Sein Name ist älteren Fans von Real Mallorca noch ein Begriff. Jordi Morey Vich gehörte Anfang der 1980er Jahre zu jener Mannschaft, die den Verein aus sportlich schwierigen Zeiten zurück in die höchste Spielklasse führte. Damals füllte sich das Stadion Lluís Sitjar, die Euphorie war groß. Heute liegt ein Teil dieser Vereinsgeschichte auf einer Parkbank im Stadtteil s’Escorxador.
Der 1959 in Palma geborene frühere Stürmer lebt nach eigenen Angaben seit einiger Zeit auf der Straße. Wer ihn erkennt, erlebt einen Mann, der mit seiner Vergangenheit ringt – und mit einer Gegenwart, die für viele kaum vorstellbar ist. „Ja, ich bin es“, sagt er leise, fast zögerlich, wenn ihn jemand anspricht. Gespräche seien selten geworden, Einsamkeit dagegen Alltag.
Zwischen Erinnerungen und Realität
Morey wirkt körperlich stark gezeichnet. Er ist sehr dünn, hat sichtbare Wunden an Händen und Beinen und kann sich nur schwer bewegen. Krankheiten wie Gicht und Arthrose setzen ihm zu. „Meine Knie schmerzen, ich kann meine Finger kaum bewegen“, sagt er. Medikamente könne er sich nicht leisten.

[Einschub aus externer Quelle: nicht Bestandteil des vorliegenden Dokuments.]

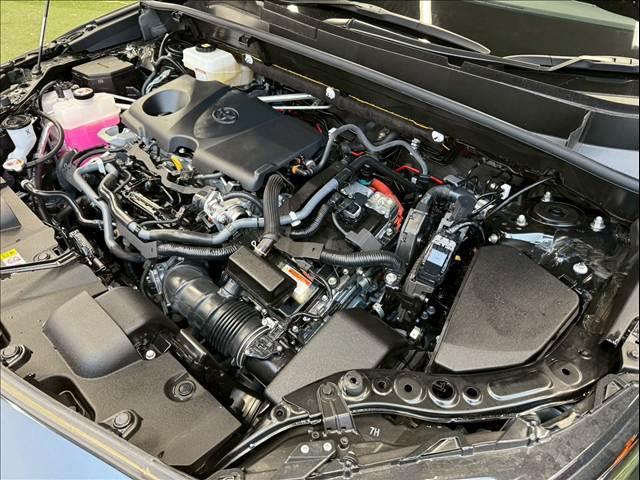 ハリアーハイブリッド Z レザーパッケージ 純正12型ナビ/全周囲カメラ/JBLサウンド/デジタルインナーミラー/パワーバックドア/シートヒーター/シートクーラー/ステアリングヒーター/ブラインドスポットモニター/レーダークルーズコントロール(18枚目)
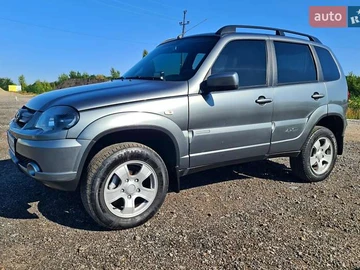 Авто ВАЗ 2123 Niva 2020 № 8130734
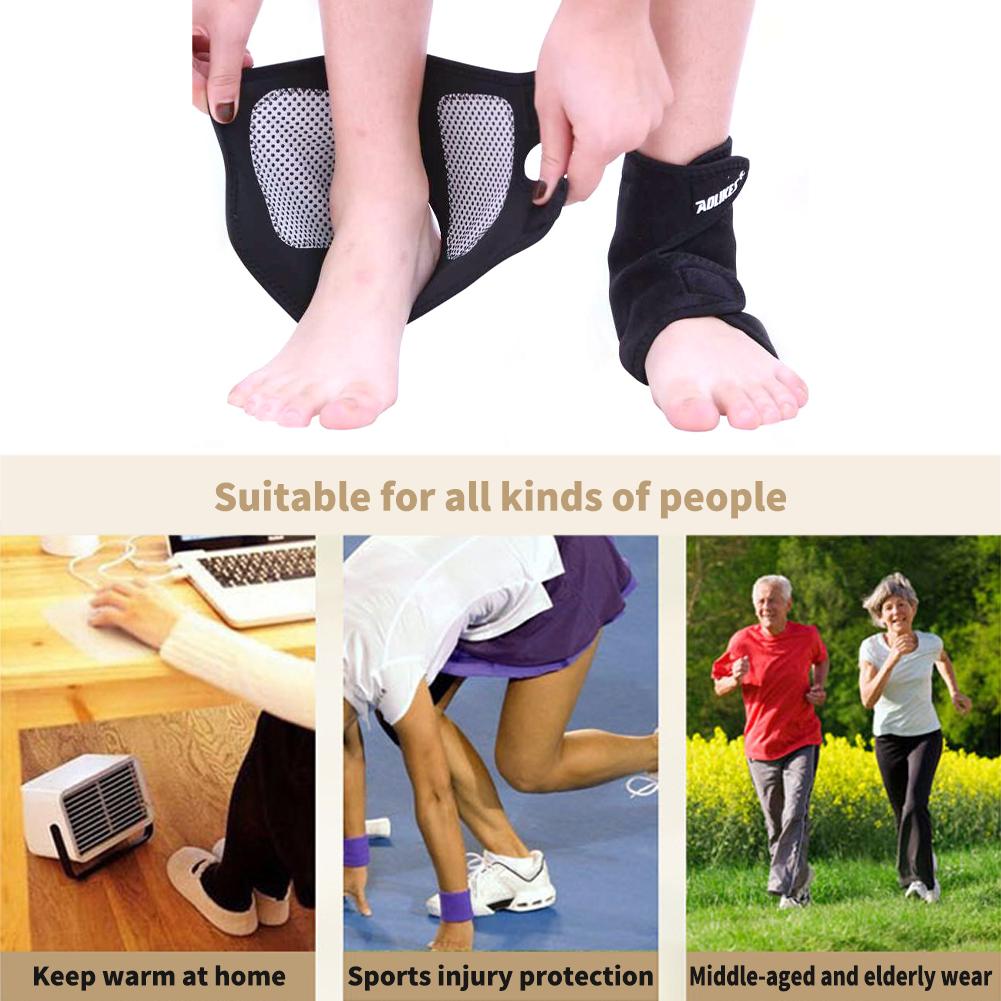 Ankle Support Wrap Automatic Heating Arthritis Reliever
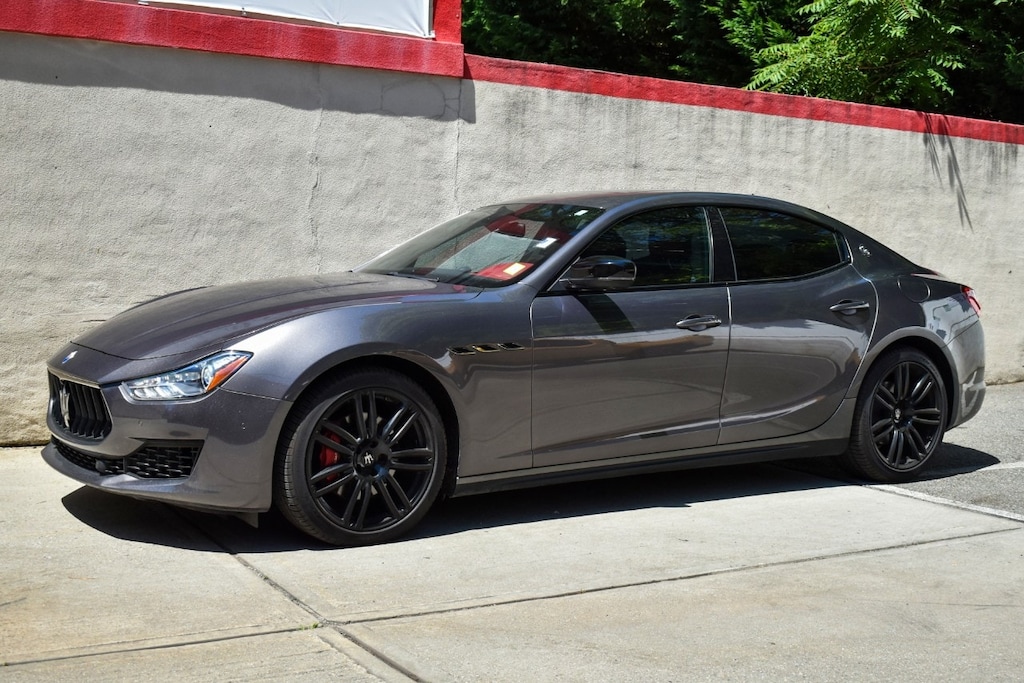 Used 2019 Maserati Ghibli Sedan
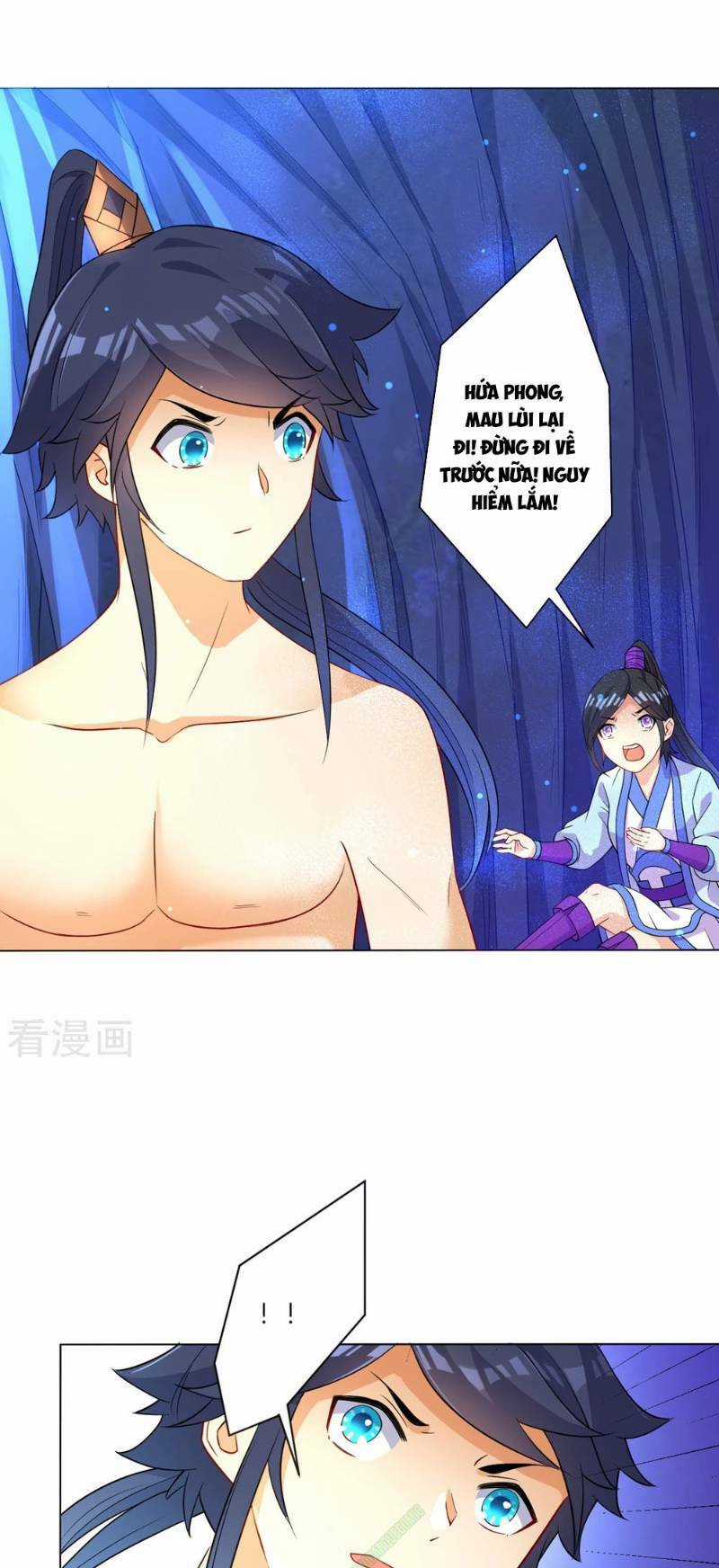 Nhất Đẳng Gia Đinh Chapter 20 trang 7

Dabei verlief sein Leben lange in geordneten Bahnen. Nach seiner Zeit bei Mallorca spielte er auch für andere Clubs wie Poblense, Levante und Córdoba. Später arbeitete er im Marketing und in der Kommunikation, übernahm schließlich sogar Verantwortung im sozialen Bereich seines ehemaligen Vereins. Ein Bruch, der ihn aus dieser Laufbahn riss, folgte später – Details dazu nennt er selbst nur vage. „Das Leben… ich habe Fehler gemacht, viele“, sagt Morey. Reue ist in seinen Worten deutlich zu hören. Gleichzeitig schwingt Scham mit: „Es fällt mir schwer, dass die Leute mich so sehen.“ Dennoch sei ihm inzwischen bewusst, dass er Hilfe brauche.
Alltag auf der Straße
Sein derzeitiger Lebensmittelpunkt ist eine Bank in der Nähe von Palmas ehemaligem Schlachthof s’Escorxador. Dort verbringt er die Nächte im Freien. Tagsüber hält er sich in der Umgebung auf, sucht gelegentlich ein Gesundheitszentrum auf oder nutzt öffentliche Einrichtungen wie Bibliothek und Toiletten. „Hier fühle ich mich mehr oder weniger sicher“, sagt er.
Der Alltag sei hart, körperlich wie psychisch. „Man schläft kaum, kann niemandem trauen“, beschreibt Morey. Die Angst vor Übergriffen gehöre ebenso dazu wie die ständige Unsicherheit. „Man denkt viel nach, fragt sich immer wieder: Warum bin ich hier?“ Trotz allem verfolgt er weiterhin das Fußballgeschehen. Ergebnisse, Trainerwechsel, Nachrichten – all das interessiert ihn nach wie vor. Doch selbst das wird schwieriger: Sein Handy ist ohne Guthaben, ein Radio besitzt er nicht mehr.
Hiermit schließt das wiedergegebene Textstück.